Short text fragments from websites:
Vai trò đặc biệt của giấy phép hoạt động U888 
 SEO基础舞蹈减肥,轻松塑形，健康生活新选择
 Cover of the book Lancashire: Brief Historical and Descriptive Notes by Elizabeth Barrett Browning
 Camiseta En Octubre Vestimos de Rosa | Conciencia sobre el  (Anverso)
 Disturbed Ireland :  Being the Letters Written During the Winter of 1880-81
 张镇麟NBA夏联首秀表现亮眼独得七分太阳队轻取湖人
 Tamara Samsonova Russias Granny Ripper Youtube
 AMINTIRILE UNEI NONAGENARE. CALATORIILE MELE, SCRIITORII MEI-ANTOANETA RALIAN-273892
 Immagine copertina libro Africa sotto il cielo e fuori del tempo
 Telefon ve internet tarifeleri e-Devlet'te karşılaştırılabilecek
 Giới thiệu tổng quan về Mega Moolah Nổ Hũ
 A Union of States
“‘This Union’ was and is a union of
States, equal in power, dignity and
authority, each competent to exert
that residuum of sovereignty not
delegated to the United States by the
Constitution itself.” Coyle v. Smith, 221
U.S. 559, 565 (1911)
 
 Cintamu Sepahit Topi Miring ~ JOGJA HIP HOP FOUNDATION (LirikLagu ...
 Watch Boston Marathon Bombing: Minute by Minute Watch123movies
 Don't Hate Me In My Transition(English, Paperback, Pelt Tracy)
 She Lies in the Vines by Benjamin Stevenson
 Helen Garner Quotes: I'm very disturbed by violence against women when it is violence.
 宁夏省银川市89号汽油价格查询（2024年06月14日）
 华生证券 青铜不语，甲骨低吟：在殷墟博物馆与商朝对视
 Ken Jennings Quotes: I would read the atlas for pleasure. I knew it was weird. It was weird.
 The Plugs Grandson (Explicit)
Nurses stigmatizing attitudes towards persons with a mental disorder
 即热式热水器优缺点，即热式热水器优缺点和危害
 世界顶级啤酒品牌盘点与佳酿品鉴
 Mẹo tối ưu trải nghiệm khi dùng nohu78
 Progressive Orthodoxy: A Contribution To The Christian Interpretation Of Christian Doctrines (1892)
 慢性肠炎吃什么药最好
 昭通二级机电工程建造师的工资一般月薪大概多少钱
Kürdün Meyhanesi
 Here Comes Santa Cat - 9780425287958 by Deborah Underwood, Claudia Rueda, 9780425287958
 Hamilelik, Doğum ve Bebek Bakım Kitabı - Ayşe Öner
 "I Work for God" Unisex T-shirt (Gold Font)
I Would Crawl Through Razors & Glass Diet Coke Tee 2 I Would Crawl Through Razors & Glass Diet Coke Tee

Instructions for the task>
Would you copy each line of the records that contains "States"?

Exercise response>
 A Union of States
States, equal in power, dignity and
delegated to the United States by the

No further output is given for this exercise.